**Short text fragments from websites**
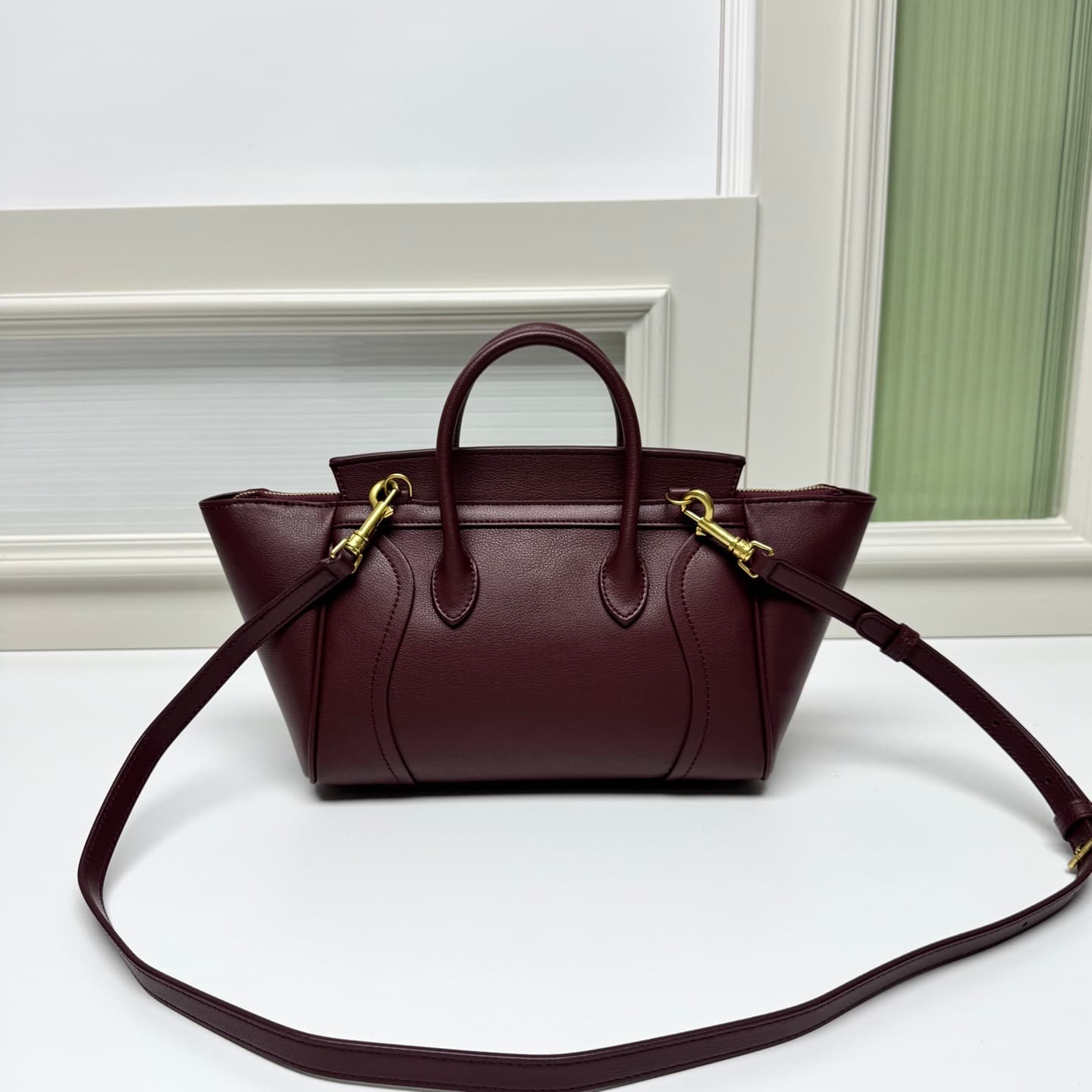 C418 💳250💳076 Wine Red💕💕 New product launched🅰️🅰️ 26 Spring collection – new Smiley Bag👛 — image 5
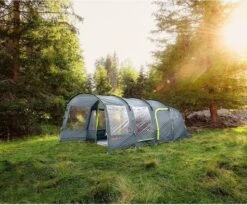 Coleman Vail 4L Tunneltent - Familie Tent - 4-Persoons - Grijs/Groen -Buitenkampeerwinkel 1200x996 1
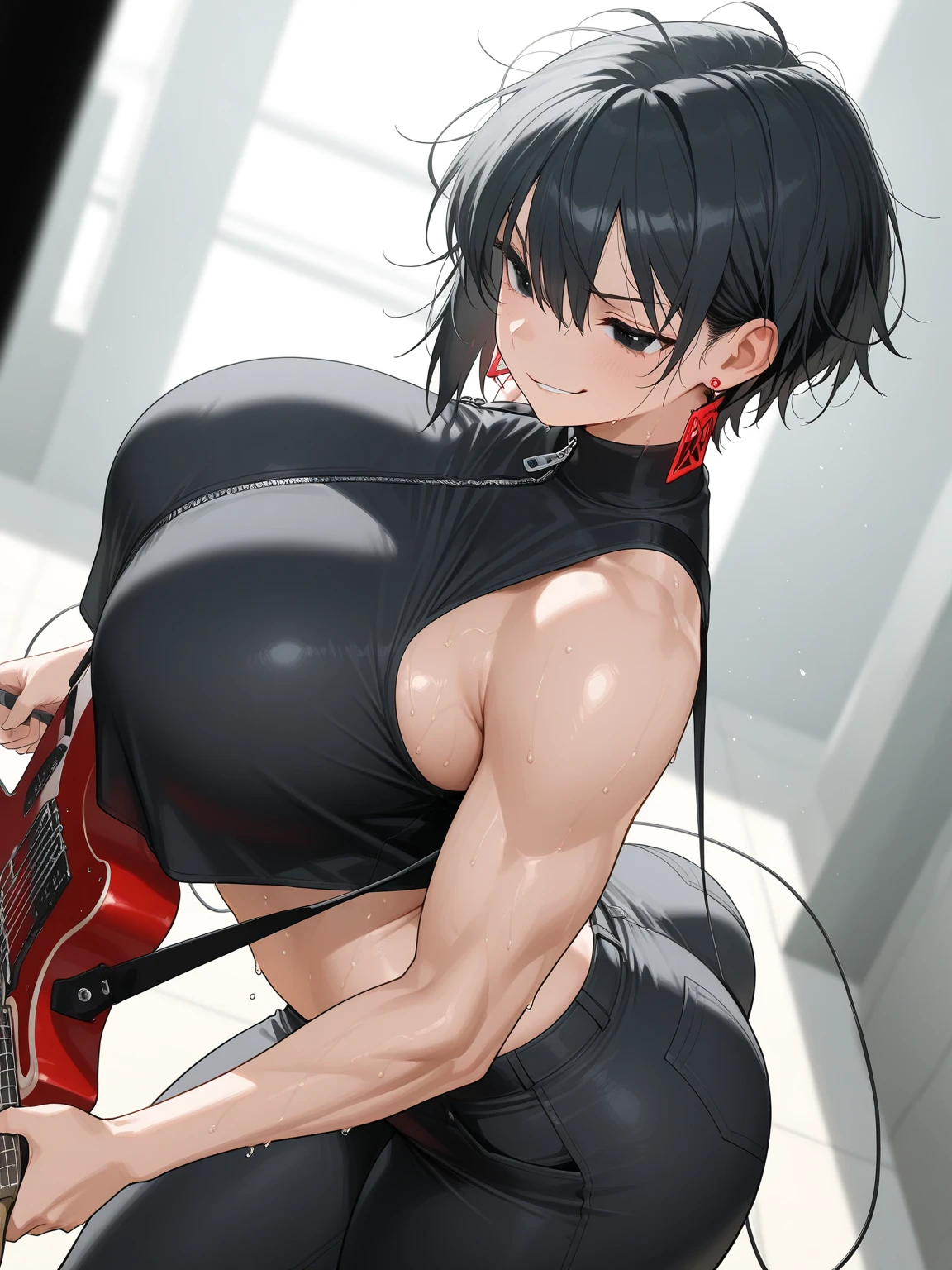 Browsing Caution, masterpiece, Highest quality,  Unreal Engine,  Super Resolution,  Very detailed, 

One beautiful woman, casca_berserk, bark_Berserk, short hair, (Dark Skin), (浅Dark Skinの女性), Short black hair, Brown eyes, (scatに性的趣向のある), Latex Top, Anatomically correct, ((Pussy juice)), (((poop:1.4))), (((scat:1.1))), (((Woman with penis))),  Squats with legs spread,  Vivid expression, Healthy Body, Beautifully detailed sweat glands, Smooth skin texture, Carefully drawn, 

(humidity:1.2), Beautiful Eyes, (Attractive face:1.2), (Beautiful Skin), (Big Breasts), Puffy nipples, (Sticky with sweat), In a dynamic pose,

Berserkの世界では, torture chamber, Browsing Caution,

**DIRECTIONS**
Return the lines exactly as they stand, from the start of the entries through the line holding "(humidity:1.2), Beautiful Eyes, (Attractive"; omit the pictures.

**SOLVED PROBLEM**
 C418 💳250💳076 Wine Red💕💕 New product launched🅰️🅰️ 26 Spring collection – new Smiley Bag👛 — image 5
 Coleman Vail 4L Tunneltent - Familie Tent - 4-Persoons - Grijs/Groen -Buitenkampeerwinkel 1200x996 1
 Browsing Caution, masterpiece, Highest quality,  Unreal Engine,  Super Resolution,  Very detailed, 

One beautiful woman, casca_berserk, bark_Berserk, short hair, (Dark Skin), (浅Dark Skinの女性), Short black hair, Brown eyes, (scatに性的趣向のある), Latex Top, Anatomically correct, ((Pussy juice)), (((poop:1.4))), (((scat:1.1))), (((Woman with penis))),  Squats with legs spread,  Vivid expression, Healthy Body, Beautifully detailed sweat glands, Smooth skin texture, Carefully drawn, 

(humidity:1.2), Beautiful Eyes, (Attractive face:1.2), (Beautiful Skin), (Big Breasts), Puffy nipples, (Sticky with sweat), In a dynamic pose,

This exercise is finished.